Venus and Jupiter put on quite a show this week. On Wednesday night I took some photographs of the conjunction at Lyndhurst in Tarrytown while visiting a friend who lives on the estate. It was pretty cool, but there was no display of the aurora borealis like I witnessed another time I photographed a conjunction there. See it once, and I’ll expect it every time!
Observing the stars is another hobby of mine, and few things are better than being in a completely dark field or at a beach at night and being able to see all of the universe and not just the few brightest stars. I wished too that Lyndhurst didn’t have streetlights or lights on the mansion so that I could imagine what it like to have been there in the 1880s, with the turrets and finials of the house rising out of the darkness against the stars behind them.
Another time at Lyndhurst I photographed Comet Hale-Bopp, one of the brightest interlopers to our part of the solar system in recent times. It is visible in the second image down on this page.

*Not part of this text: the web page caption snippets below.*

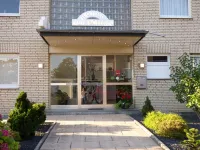 Hotel Alt Büttgen Hotels in Kaarst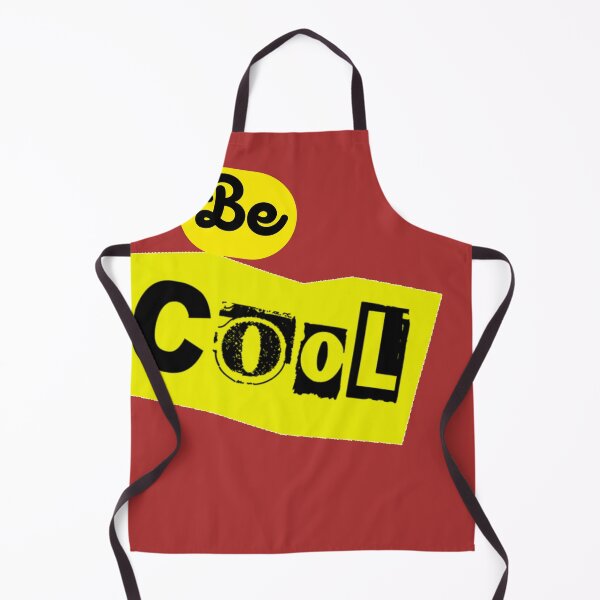 Artikelvorschau, Design Ich bin cool entworfen und verkauft von MichaelGrace.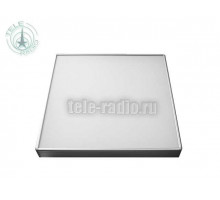 Logocam Led C-light 200 DMX 56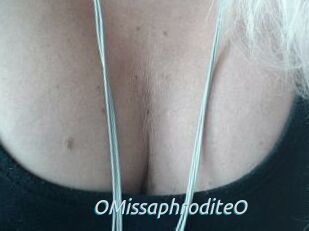 OMissaphroditeO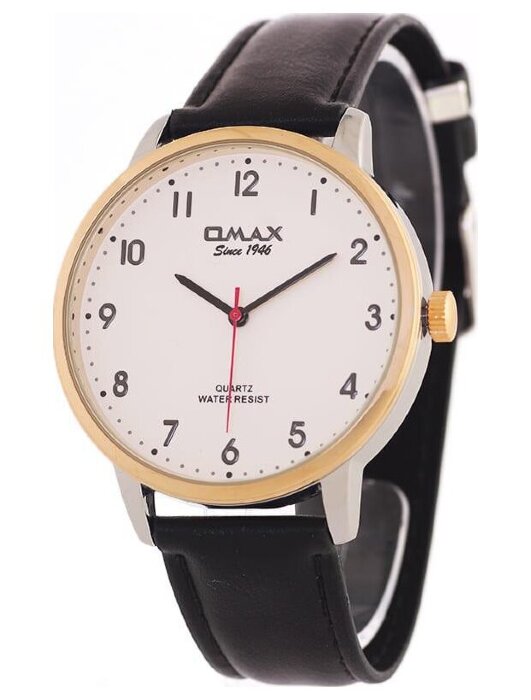 Наручные часы OMAX PR0023NB18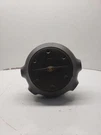 Airbag Front Driver Left Lh Steering Wheel Fits 2004 Pt Cruiser Oem. Fixed Price $102.95.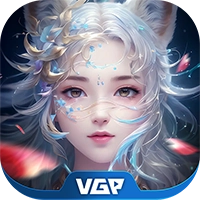 Vg Val Vip Nạp Online | VGP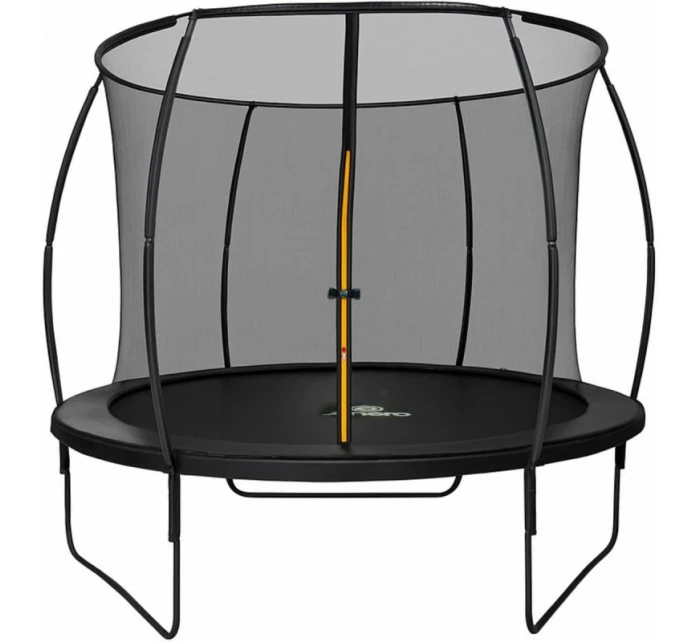 ENERO TRAMPOLÍNA S VNÚTORNÝM MESH SYSTÉMOM fi305CM PREMIUM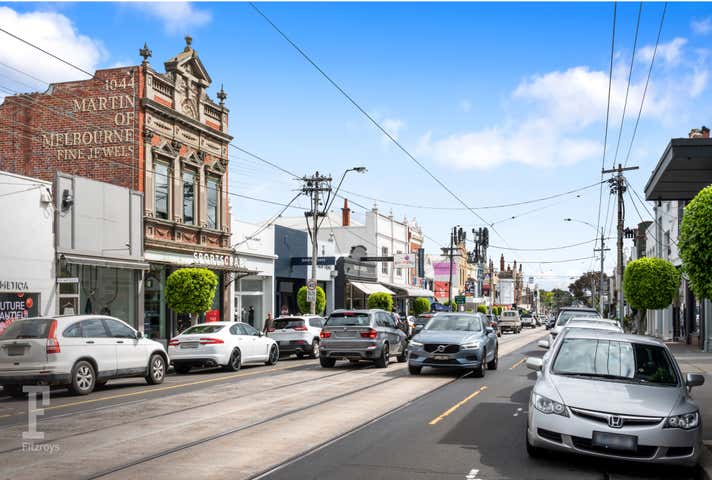 Level 1, 1062 High Street Armadale VIC 3143 - Image 14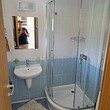 Потрясающий дом на продажу на морском курорте Ахелой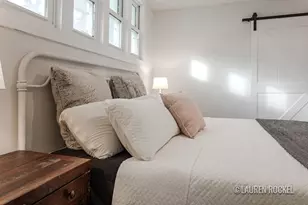 1828 Willard Ave SE, Grand Rapids, MI 49507 - Photo 24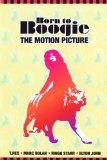 Marc Bolan And T-Rex - Born To Boogie [1972]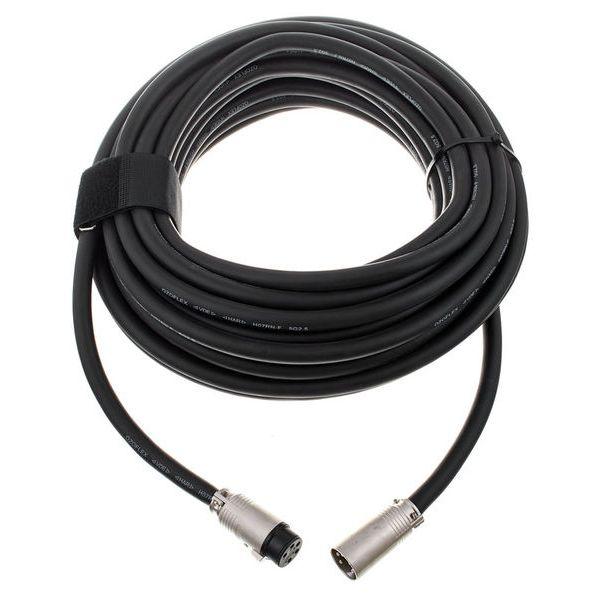 Pro snake 14759-20 EP 5 Cable 5 Pin
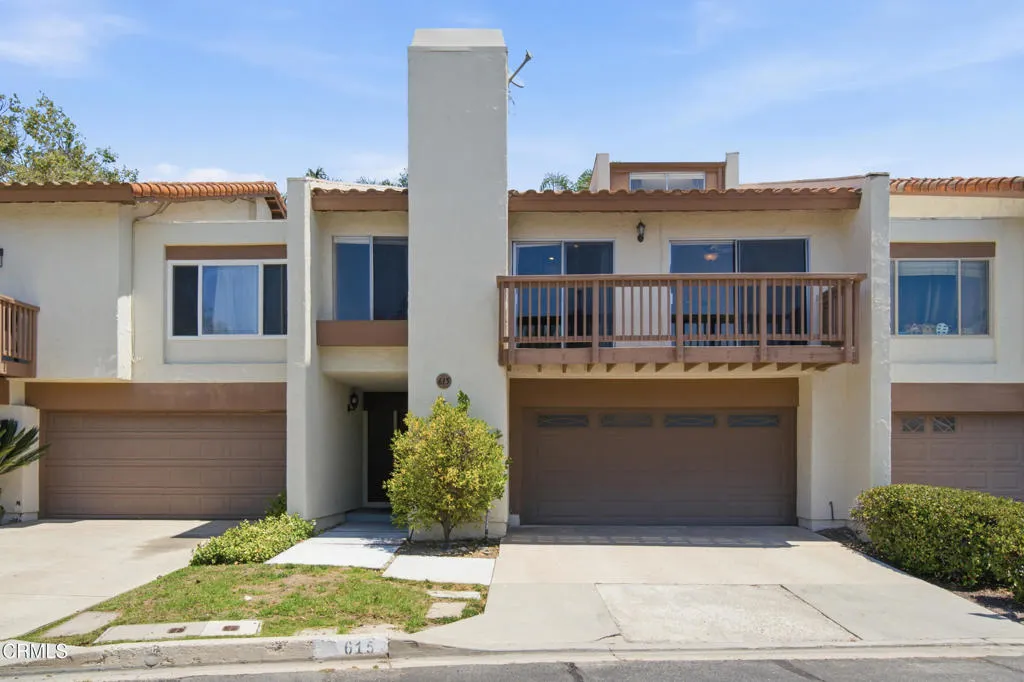 615 Hollyburne Lane, Thousand Oaks, CA 91360 - Photo 2 of 59, Thousand Oaks, CA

All of the photographs on this page were taken March 14, 2012. Venus is the brighter of the two planets.
The steak in the photograph above was caused by an airplane.
Close inspection of the above photos also shows the stars of Orion the Hunter and Taurus the Bull.
After a long drive down a carefully-planned entrance road, during which time one only catches glimpses of the house, Lyndhurst comes into view as you immediately approach the mansion.
One of the beautiful huge old trees on the estate.